Reproduce the listing below exactly, minus its pictures.

━━ Information shown

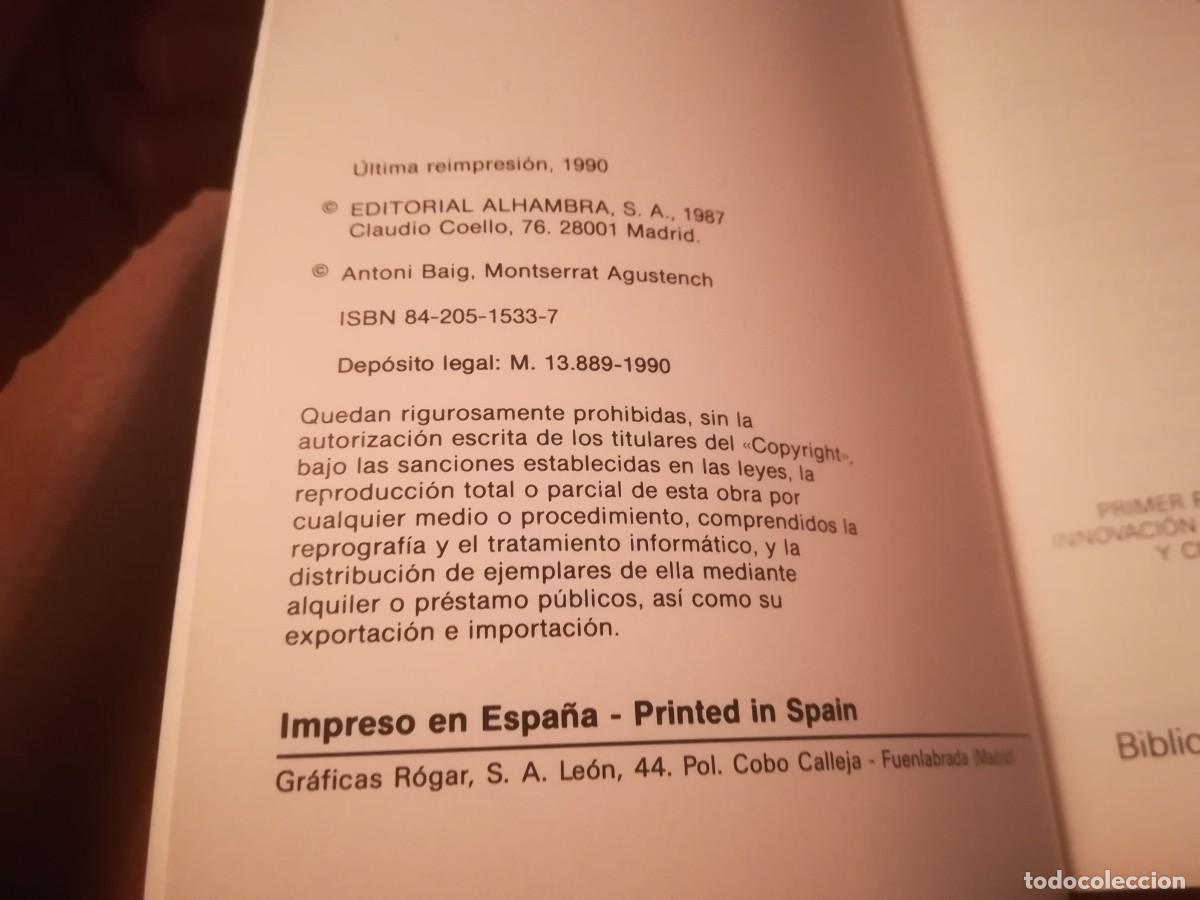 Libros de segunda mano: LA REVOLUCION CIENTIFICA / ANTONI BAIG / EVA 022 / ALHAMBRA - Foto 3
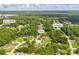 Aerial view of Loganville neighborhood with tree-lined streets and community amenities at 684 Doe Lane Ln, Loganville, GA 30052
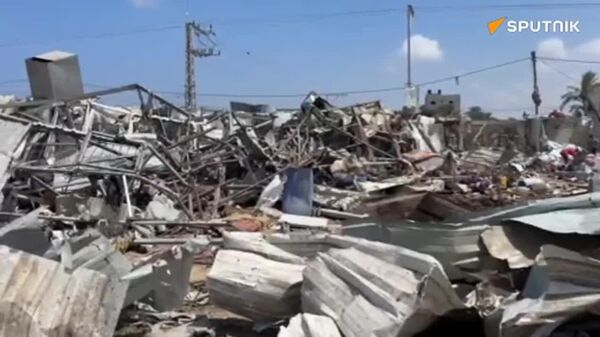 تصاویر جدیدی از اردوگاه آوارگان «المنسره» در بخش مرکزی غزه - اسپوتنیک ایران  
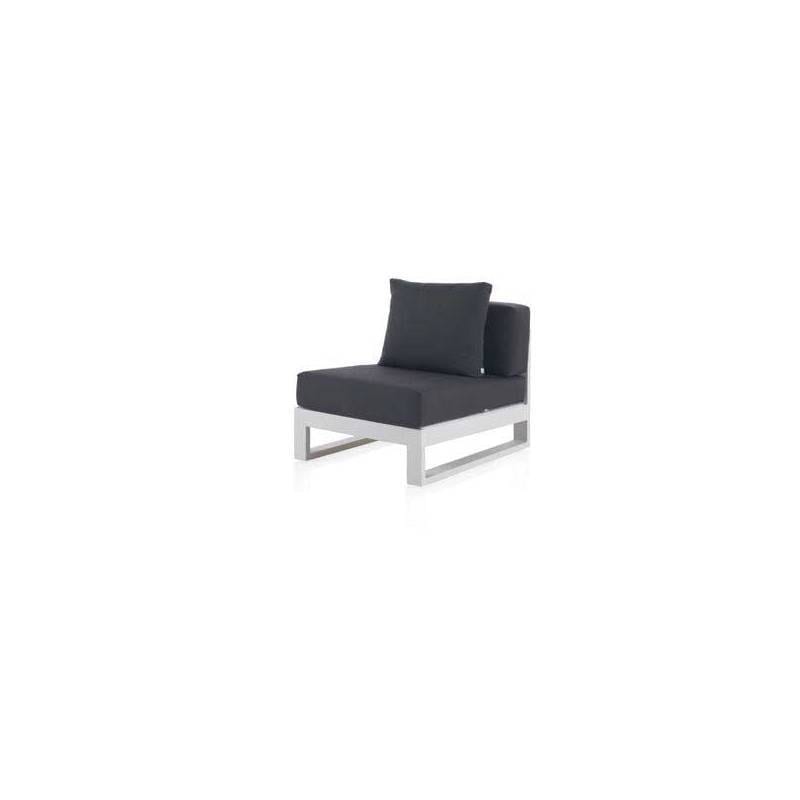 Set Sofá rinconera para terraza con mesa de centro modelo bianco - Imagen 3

━━━━

> _Task response_:
 Libros de segunda mano: LA REVOLUCION CIENTIFICA / ANTONI BAIG / EVA 022 / ALHAMBRA - Foto 3
 Aerial view of Loganville neighborhood with tree-lined streets and community amenities at 684 Doe Lane Ln, Loganville, GA 30052
 تصاویر جدیدی از اردوگاه آوارگان «المنسره» در بخش مرکزی غزه - اسپوتنیک ایران  
 Set Sofá rinconera para terraza con mesa de centro modelo bianco - Imagen 3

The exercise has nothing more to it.